Bernal, il Tour e il ciclismo di altri mondi

Bernal, il Tour e il ciclismo di altri mondi

In principio era Cochise Rodriguez, all'anagrafe Martin Emilio, gregario di Felice Gimondi negli anni Settanta. Era uno di quei nomi che piaceva molto ad Adriano De Zan e lui gli offrì l'occasione di esaltarlo con un paio di vittorie al Giro d'Italia, la prima di un colombiano a Forte dei Marmi nel '73 su Basso e De Vlaeminck. Ai tempi Cochise sembrava un fenomeno paranormale in un ciclismo che si correva in poche nazioni europee.

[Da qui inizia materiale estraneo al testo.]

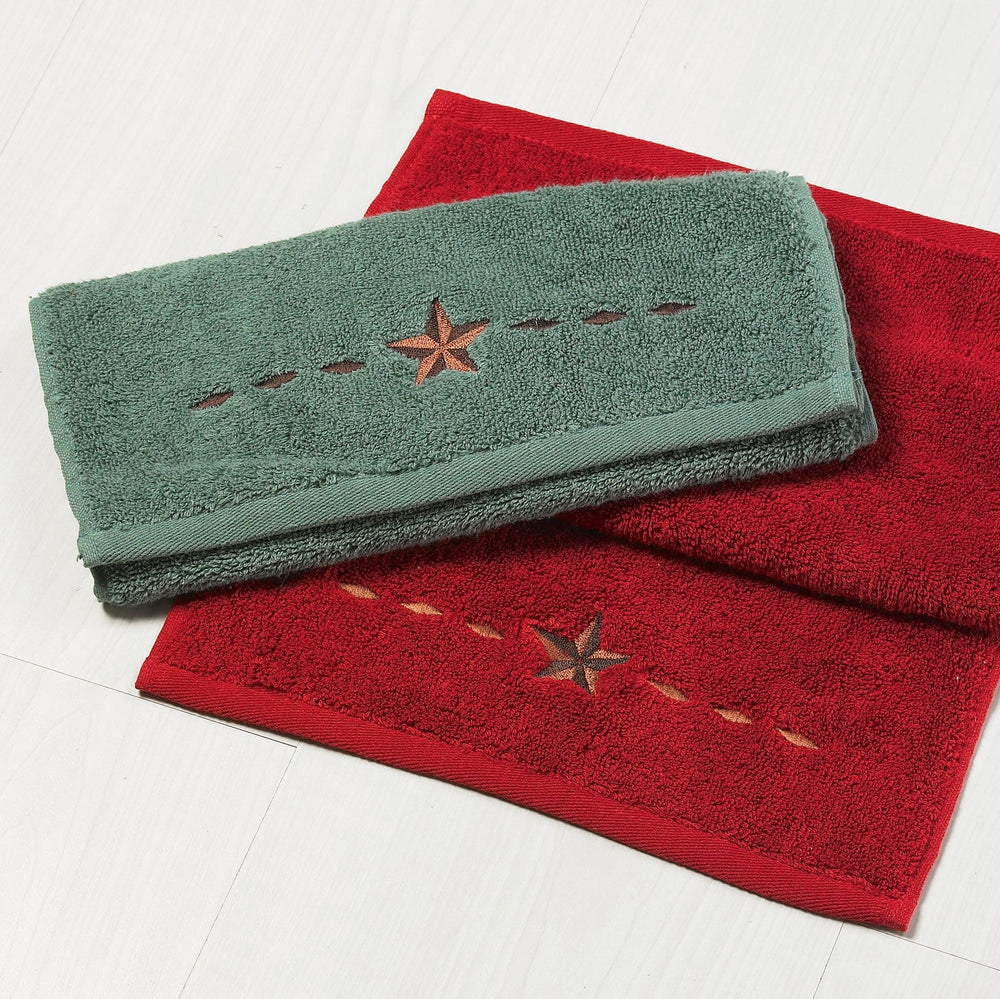 Hiend Accents Embroidered Star Towel Set - Luxurious Cotton Bath Towels For A Cozy Rustic Bathroom Retreat Mocha 95% Cotton,5% Polyester Tw2010-os-mc
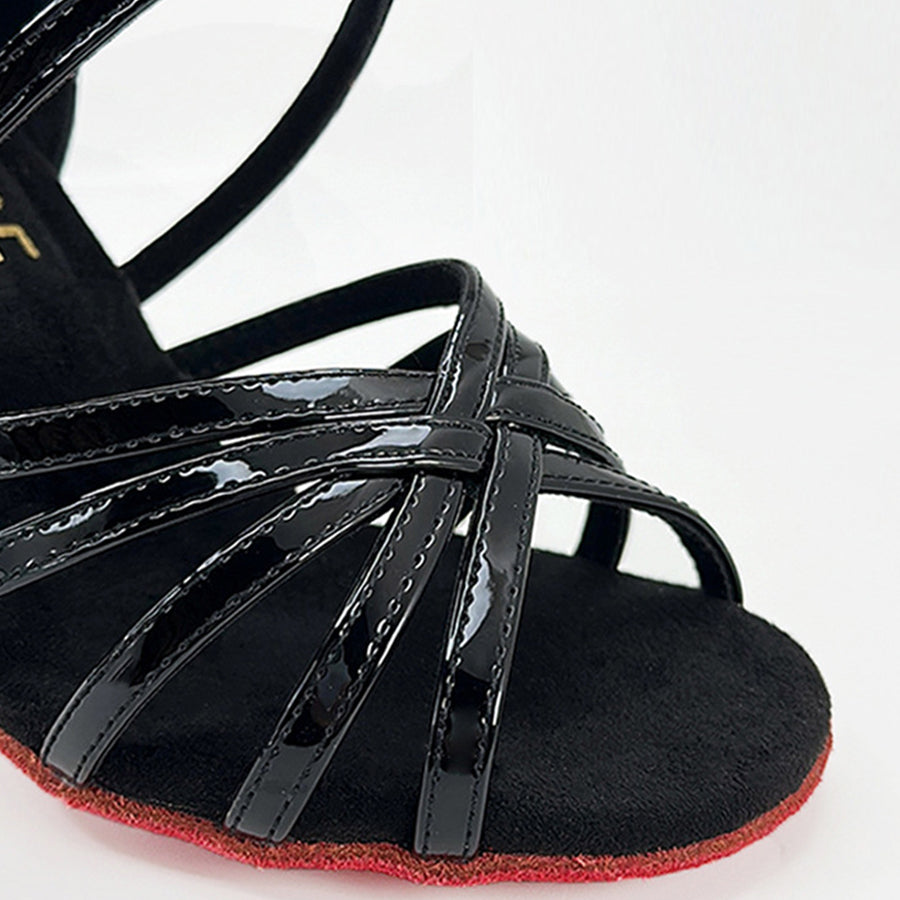 Women's Black Leatherette Customized Heel Latin Dance Shoes Ballroom Dance Shoes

Ma a quasi cinquant'anni di distanza i figli di Cochise si sono moltiplicati e hanno segnato un'incredibile inversione di rotta: dopo l'epopea britannica (quella di Wiggins, Froome, Thomas, Yates) sta per spuntare nelle corse a tappe l'era sudamericana. Dopo un ecuadoriano al Giro (Richard Carapaz) ecco un colombiano al Tour (Egan Bernal), in attesa di vedere a chi finirà la Vuelta. E se al Giro aveva già trionfato un sudamericano (Quintana nel 2014), al Tour è stata una prima assoluta di un continente che negli ultimi anni ha scalato (nel vero senso della parola) il ciclismo mondiale.

Una crescita esponenziale, soprattutto colombiana (20 tappe al Tour, la prima con Lucho Herrera, nel 1984 all'Alpe d'Huez, e 29 al Giro), ma anche venezuelana, ecuadoriana e persino argentina e brasiliana (un tal Ribeiro al Tour del '91). Soprattutto grandi arrampicatori (Rujano, Uran, Parra, primo sul podio al Tour nell'88, Chaves, lo stesso Quintana), spesso frenati dalle discese. Fino a Bernal e Carapaz. Padroni dei grandi giri e magari tra un po' anche delle classiche. L'uomo per sfatare il tabù ce l'hanno già, Fernando Gaviria. Al Sudamerica manca un Monumento o un Mondiale dove è arrivato al massimo un 4° posto (Mejia nel '91 di Bugno).

Ma Bernal, Carapaz e Lopez (miglior giovane degli ultimi due Giri) hanno tutto per farcela.